--- RECORDS FOR PROCESSING ---
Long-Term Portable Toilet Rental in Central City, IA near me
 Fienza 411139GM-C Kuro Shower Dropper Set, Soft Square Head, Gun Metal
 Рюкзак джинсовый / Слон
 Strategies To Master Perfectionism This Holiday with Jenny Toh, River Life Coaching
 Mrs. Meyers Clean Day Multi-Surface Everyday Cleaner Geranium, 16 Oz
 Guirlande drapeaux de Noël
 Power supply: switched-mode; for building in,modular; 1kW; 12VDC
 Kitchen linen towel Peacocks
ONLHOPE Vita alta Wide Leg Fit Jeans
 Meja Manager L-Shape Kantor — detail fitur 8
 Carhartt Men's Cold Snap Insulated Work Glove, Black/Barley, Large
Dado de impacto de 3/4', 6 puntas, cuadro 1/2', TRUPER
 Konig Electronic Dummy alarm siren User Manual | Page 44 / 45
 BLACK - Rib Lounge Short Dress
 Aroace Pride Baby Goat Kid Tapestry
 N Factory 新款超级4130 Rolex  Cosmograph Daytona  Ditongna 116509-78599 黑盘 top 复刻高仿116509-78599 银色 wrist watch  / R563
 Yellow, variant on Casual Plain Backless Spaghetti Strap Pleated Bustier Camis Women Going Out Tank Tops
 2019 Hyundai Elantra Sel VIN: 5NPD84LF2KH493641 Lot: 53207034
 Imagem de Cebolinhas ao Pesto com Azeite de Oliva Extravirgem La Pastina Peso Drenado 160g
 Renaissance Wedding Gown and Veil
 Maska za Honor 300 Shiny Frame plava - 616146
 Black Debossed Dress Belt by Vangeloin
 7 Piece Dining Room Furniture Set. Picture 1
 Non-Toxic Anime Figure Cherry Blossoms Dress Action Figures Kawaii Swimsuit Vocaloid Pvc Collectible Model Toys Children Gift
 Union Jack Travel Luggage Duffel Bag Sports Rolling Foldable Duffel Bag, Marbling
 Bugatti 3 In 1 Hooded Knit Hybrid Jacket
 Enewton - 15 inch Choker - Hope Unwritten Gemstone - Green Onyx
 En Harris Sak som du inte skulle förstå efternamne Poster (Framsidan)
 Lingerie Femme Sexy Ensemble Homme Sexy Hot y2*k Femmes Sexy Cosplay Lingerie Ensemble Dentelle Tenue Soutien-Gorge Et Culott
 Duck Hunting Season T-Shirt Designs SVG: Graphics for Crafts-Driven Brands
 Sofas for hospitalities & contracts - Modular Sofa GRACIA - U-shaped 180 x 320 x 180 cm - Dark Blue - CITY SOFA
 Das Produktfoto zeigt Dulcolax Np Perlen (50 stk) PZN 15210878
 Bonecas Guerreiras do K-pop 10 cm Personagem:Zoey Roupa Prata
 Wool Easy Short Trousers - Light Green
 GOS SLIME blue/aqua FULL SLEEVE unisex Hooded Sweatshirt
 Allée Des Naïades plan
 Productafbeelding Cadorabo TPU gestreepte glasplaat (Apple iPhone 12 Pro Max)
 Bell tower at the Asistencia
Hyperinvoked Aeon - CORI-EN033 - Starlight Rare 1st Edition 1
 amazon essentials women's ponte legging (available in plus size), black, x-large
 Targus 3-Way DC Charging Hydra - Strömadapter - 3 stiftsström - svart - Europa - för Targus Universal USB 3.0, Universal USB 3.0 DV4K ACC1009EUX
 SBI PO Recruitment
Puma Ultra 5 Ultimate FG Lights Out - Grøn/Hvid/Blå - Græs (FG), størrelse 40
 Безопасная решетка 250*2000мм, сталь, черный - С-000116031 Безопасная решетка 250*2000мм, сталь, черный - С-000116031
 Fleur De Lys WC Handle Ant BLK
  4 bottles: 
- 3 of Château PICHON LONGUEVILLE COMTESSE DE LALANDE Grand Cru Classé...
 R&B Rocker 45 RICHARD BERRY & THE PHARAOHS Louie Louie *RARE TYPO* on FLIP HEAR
---
> **TASK TO CARRY OUT**
Only the stretch of lines that begins with the one holding "2019 Hyundai Elantra" and ends with the last line above belongs in the answer; please write it out exactly.

> **RESULT OF THE EXERCISE**
 2019 Hyundai Elantra Sel VIN: 5NPD84LF2KH493641 Lot: 53207034
 Imagem de Cebolinhas ao Pesto com Azeite de Oliva Extravirgem La Pastina Peso Drenado 160g
 Renaissance Wedding Gown and Veil
 Maska za Honor 300 Shiny Frame plava - 616146
 Black Debossed Dress Belt by Vangeloin
 7 Piece Dining Room Furniture Set. Picture 1
 Non-Toxic Anime Figure Cherry Blossoms Dress Action Figures Kawaii Swimsuit Vocaloid Pvc Collectible Model Toys Children Gift
 Union Jack Travel Luggage Duffel Bag Sports Rolling Foldable Duffel Bag, Marbling
 Bugatti 3 In 1 Hooded Knit Hybrid Jacket
 Enewton - 15 inch Choker - Hope Unwritten Gemstone - Green Onyx
 En Harris Sak som du inte skulle förstå efternamne Poster (Framsidan)
 Lingerie Femme Sexy Ensemble Homme Sexy Hot y2*k Femmes Sexy Cosplay Lingerie Ensemble Dentelle Tenue Soutien-Gorge Et Culott
 Duck Hunting Season T-Shirt Designs SVG: Graphics for Crafts-Driven Brands
 Sofas for hospitalities & contracts - Modular Sofa GRACIA - U-shaped 180 x 320 x 180 cm - Dark Blue - CITY SOFA
 Das Produktfoto zeigt Dulcolax Np Perlen (50 stk) PZN 15210878
 Bonecas Guerreiras do K-pop 10 cm Personagem:Zoey Roupa Prata
 Wool Easy Short Trousers - Light Green
 GOS SLIME blue/aqua FULL SLEEVE unisex Hooded Sweatshirt
 Allée Des Naïades plan
 Productafbeelding Cadorabo TPU gestreepte glasplaat (Apple iPhone 12 Pro Max)
 Bell tower at the Asistencia
Hyperinvoked Aeon - CORI-EN033 - Starlight Rare 1st Edition 1
 amazon essentials women's ponte legging (available in plus size), black, x-large
 Targus 3-Way DC Charging Hydra - Strömadapter - 3 stiftsström - svart - Europa - för Targus Universal USB 3.0, Universal USB 3.0 DV4K ACC1009EUX
 SBI PO Recruitment
Puma Ultra 5 Ultimate FG Lights Out - Grøn/Hvid/Blå - Græs (FG), størrelse 40
 Безопасная решетка 250*2000мм, сталь, черный - С-000116031 Безопасная решетка 250*2000мм, сталь, черный - С-000116031
 Fleur De Lys WC Handle Ant BLK
  4 bottles: 
- 3 of Château PICHON LONGUEVILLE COMTESSE DE LALANDE Grand Cru Classé...
 R&B Rocker 45 RICHARD BERRY & THE PHARAOHS Louie Louie *RARE TYPO* on FLIP HEAR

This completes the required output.